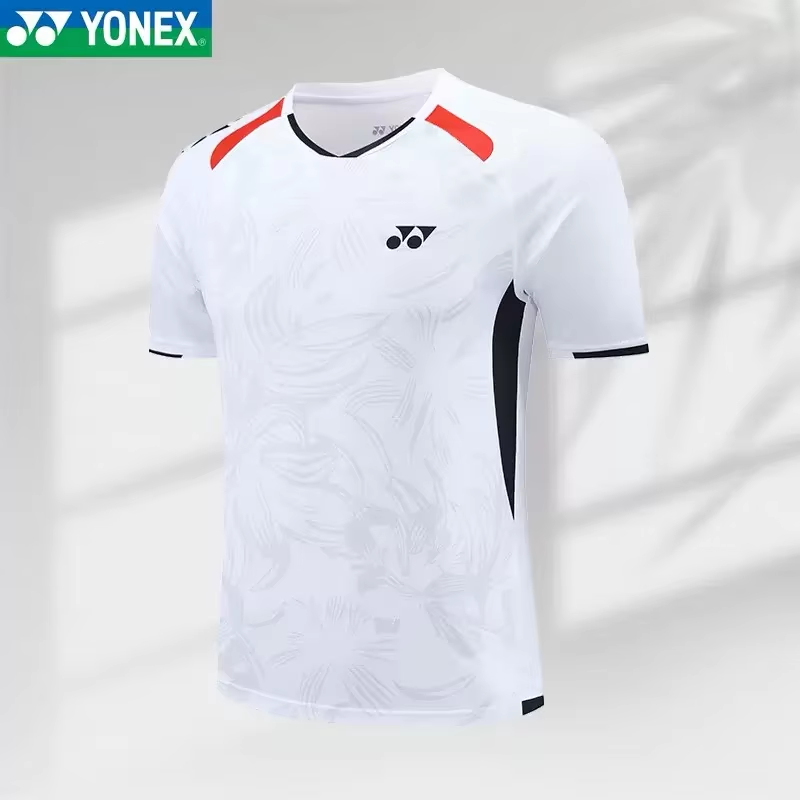 Badminton Fun - بدلة تنس الريشة من YONEX، تي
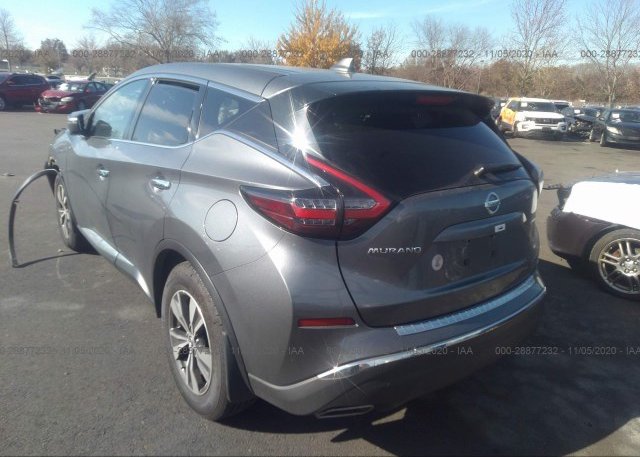 купить 2020 NISSAN MURANO 5N1AZ2AS9LN108402
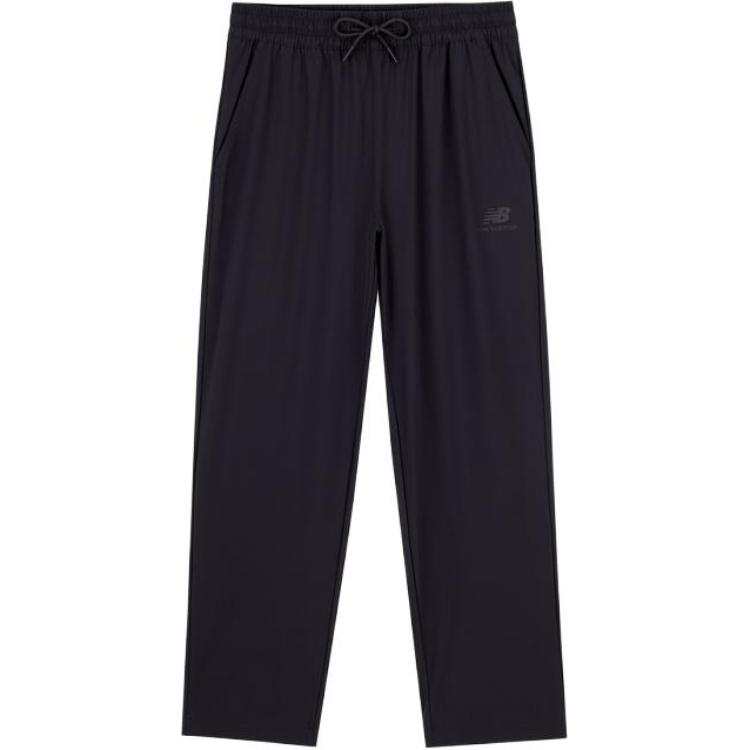 New Balance New Balance Knitted Sweatpants Women's Black Moderate Straight Fit Pants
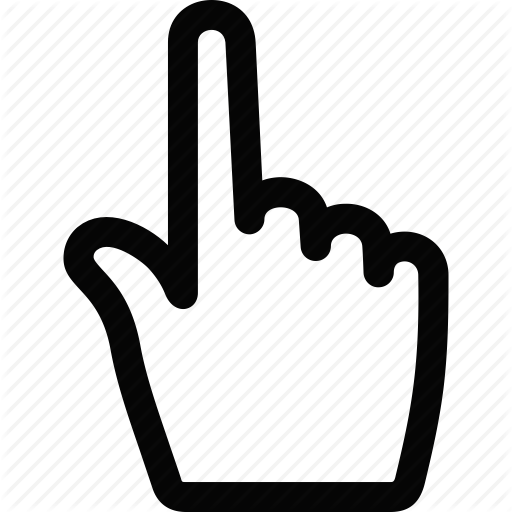 Hand icon png. Business cursors by zohanimasi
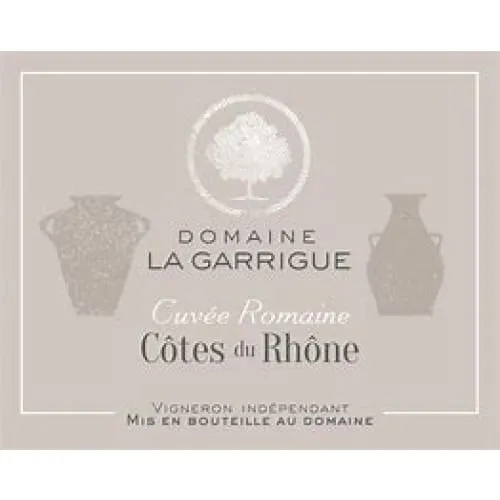 Domaine la Garrigue 2021 "Cuvee Romaine" Cotes du Rhone Rouge Taylors Wines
------
Everything in the records except the pictures should be printed again exactly.

Your response:
 Badminton Fun - بدلة تنس الريشة من YONEX، تي
 купить 2020 NISSAN MURANO 5N1AZ2AS9LN108402
 New Balance New Balance Knitted Sweatpants Women's Black Moderate Straight Fit Pants
 Hand icon png. Business cursors by zohanimasi
 Domaine la Garrigue 2021 "Cuvee Romaine" Cotes du Rhone Rouge Taylors Wines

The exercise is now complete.